Combinatorial proof of $\sum_{k=1}^n k^2 =\binom{n+1}{3} + \binom{n+2}{3}$

Consider trying to count ordered triples $(x,y,z)$ of integers where

  • $0\le x< z$

  • $0\le y< z$

  • $1\le z\le n$

When $z=k$, there are $k$ choices for $x$ and $k$ choices for $y$, so the number of triples is indeed $\sum_{k=1}^nk^2$.

Alternatively, let us take all triples where $x<y$ and identify them with the subset $\{x,y,z\}$ of $\{0,1,2,\dots,n\}$. There are $\binom{n+1}3$ such subsets, each uniquely representing a triple where $x<y$.

The only remaining triples are the ones where $x\ge y$. Associate each such triple $(x,y,z)$ to the subset $\{y,x+1,z+1\}$ of $\{0,1,2,\dots,n+1\}$. There are $\binom{n+2}3 $ such subsets, each again uniquely representing a triple where $x\ge y$. The triple corresponding to $\{a<b<c\}$ is $(b-1,a,c-1)$.


The following combinatorial proof is copied from my answer to this question.


Let $B_n$ denote the number of ways you can place two white bishops on an $n\times n$ chessboard so that they guard each other, i.e., they lie on a diagonal of the chess board. I will evaluate $B_n$ in two different ways.
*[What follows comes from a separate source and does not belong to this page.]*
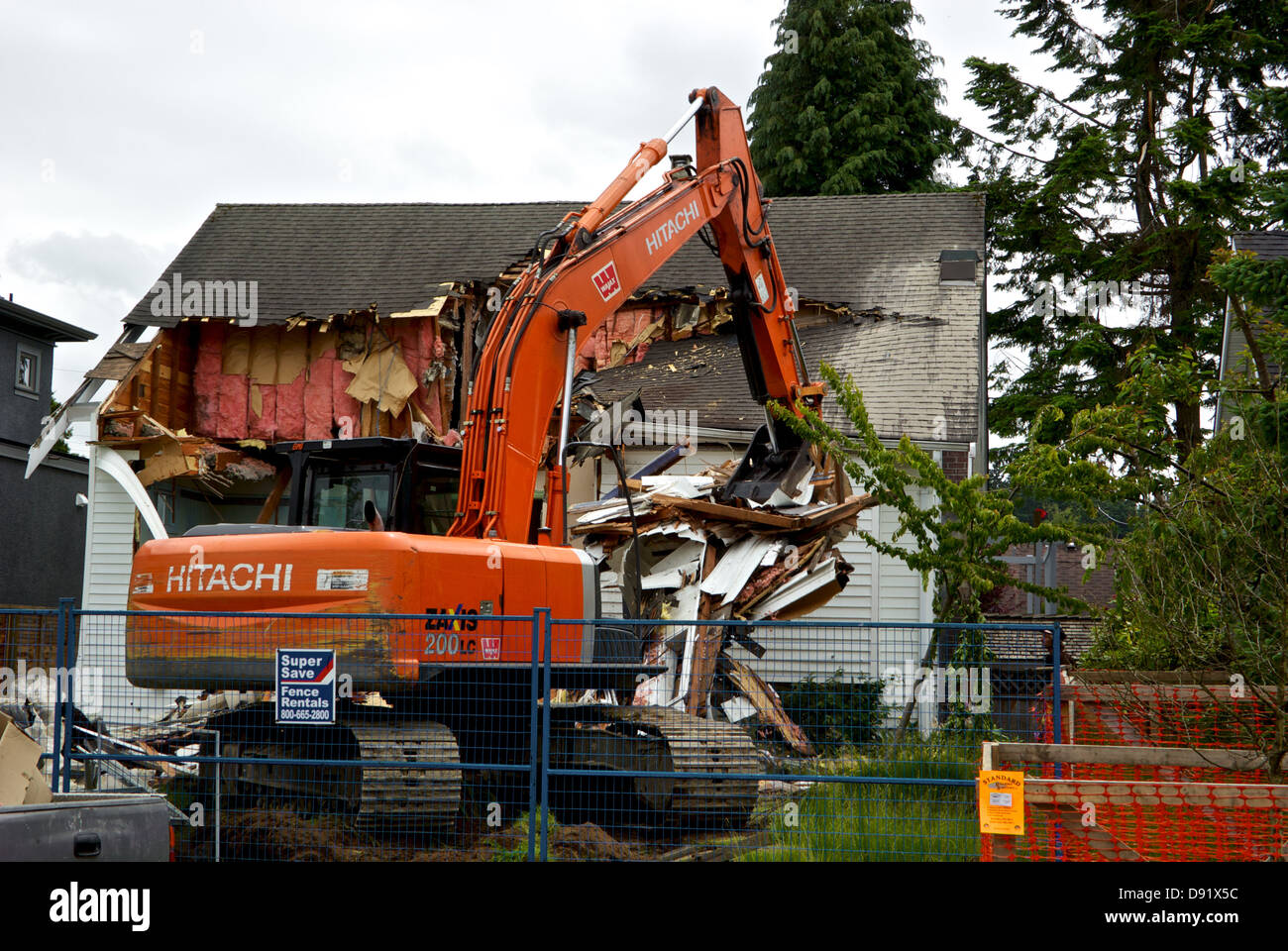 Hitachi Zaxix 200 LC excavator operator using hydraulic arm clamshell bucket to demolish roof old Vancouver house redevelopment Stock Photo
I. There are $2n-1$ diagonals of positive slope, of lengths $1,2,\dots,n-1,n,n-1,\dots,2,1$, and the same goes for diagonals of negative slope. The number of ways to choose a diagonal and then place two bishops on that diagonal is $$B_n=2\left[\binom12+\cdots+\binom{n-1}2+\binom n2+\binom{n-1}2+\cdots+\binom12\right]=2\binom{n+1}3+2\binom n3.$$


II. A pair of bishops guard each other iff they are at opposite corners of a $k\times k$ square for some $k\ge2$. Since the number of $k\times k$ squares in an $n\times n$ chessboard is $(n-k+1)^2$, and each square has two pairs of opposite corners, we have $$B_n=2\left[(n-1)^2+\cdots+2^2+1^2\right].$$
Equating the two expressions for $B_n$ and dividing to $2$, we have $$1^2+2^2+\cdots+(n-1)^2=\binom n3+\binom{n+1}3$$ or, substituting $n+1$ for $n$, $$1^2+2^2+\cdots+n^2=\binom{n+1}3+\binom{n+2}3.$$